With M&A as the only exit available, the pay out for any employee other than perhaps the first-five isn't going to be a "home run". Thus there would be nothing for them to justify giving up a higher salary, stability and working longer hours: their options won't be worth much.

Trying to grow the company to post-SOX IPO size would also mean a much greater gamble and much greater time investment. Now the options wouldn't account for anything for possibly as long as ten years (which isn't much shorter than climbing the ladder at a big company).
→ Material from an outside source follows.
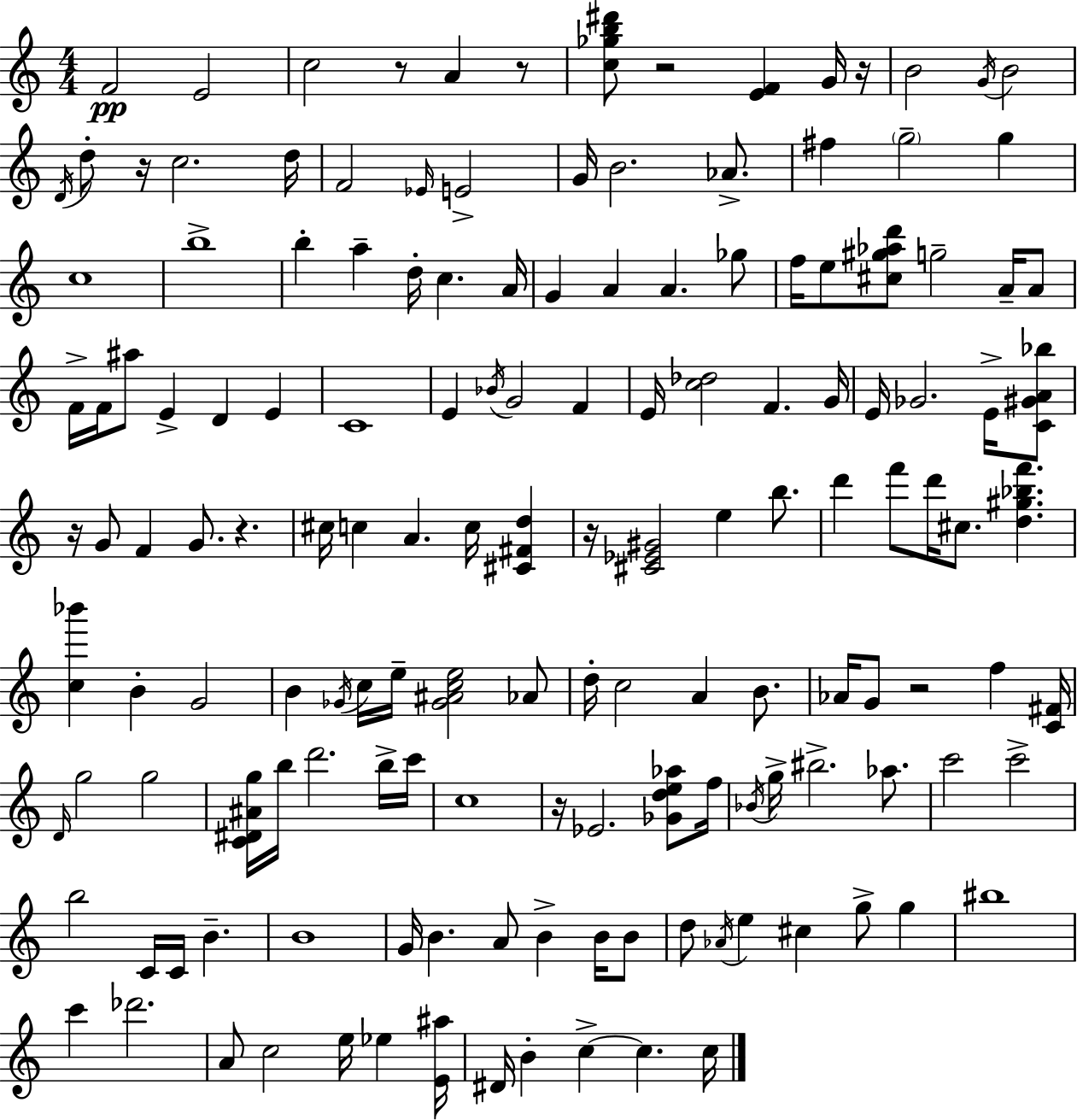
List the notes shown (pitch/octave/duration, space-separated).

F4/h E4/h C5/h R/e A4/q R/e [C5,Gb5,B5,D#6]/e R/h [E4,F4]/q G4/s R/s B4/h G4/s B4/h D4/s D5/e R/s C5/h. D5/s F4/h Eb4/s E4/h G4/s B4/h. Ab4/e. F#5/q G5/h G5/q C5/w B5/w B5/q A5/q D5/s C5/q. A4/s G4/q A4/q A4/q. Gb5/e F5/s E5/e [C#5,G#5,Ab5,D6]/e G5/h A4/s A4/e F4/s F4/s A#5/e E4/q D4/q E4/q C4/w E4/q Bb4/s G4/h F4/q E4/s [C5,Db5]/h F4/q. G4/s E4/s Gb4/h. E4/s [C4,G#4,A4,Bb5]/e R/s G4/e F4/q G4/e. R/q. C#5/s C5/q A4/q. C5/s [C#4,F#4,D5]/q R/s [C#4,Eb4,G#4]/h E5/q B5/e. D6/q F6/e D6/s C#5/e. [D5,G#5,Bb5,F6]/q. [C5,Bb6]/q B4/q G4/h B4/q Gb4/s C5/s E5/s [Gb4,A#4,C5,E5]/h Ab4/e D5/s C5/h A4/q B4/e. Ab4/s G4/e R/h F5/q [C4,F#4]/s D4/s G5/h G5/h [C4,D#4,A#4,G5]/s B5/s D6/h. B5/s C6/s C5/w R/s Eb4/h. [Gb4,D5,E5,Ab5]/e F5/s Bb4/s G5/s BIS5/h. Ab5/e. C6/h C6/h B5/h C4/s C4/s B4/q. B4/w G4/s B4/q. A4/e B4/q B4/s B4/e D5/e Ab4/s E5/q C#5/q G5/e G5/q BIS5/w C6/q Db6/h. A4/e C5/h E5/s Eb5/q [E4,A#5]/s D#4/s B4/q C5/q C5/q. C5/s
This means that smart hacker's most economically rational choice is either working for a big company (which issues RSUs or options for publicly tradeable stock) or co-founding or being employee# 1-5 in a less ambitious venture (which usually isn't going to provide very much of a technical challenge).

Not all is bleak, however: it's unlikely that SOX will go (but perhaps I am a pessimist when it comes to govt. getting smaller) but we could see mid-size private companies providing revenue sharing/bonuses (in lieu of options), smarter M&A strategies (e.g. acquirers letting the companies they bought maintain their culture and grow, while offering employees additional upside or even spinning the ventures off for an IPO - but with big co's resources, most notable example of this is EMC + VMWARE acquisition and IPO) and finally markets where smaller players could still have interesting technologies to play with (vs. general database driven websites, which don't really involve much "hard core" tech).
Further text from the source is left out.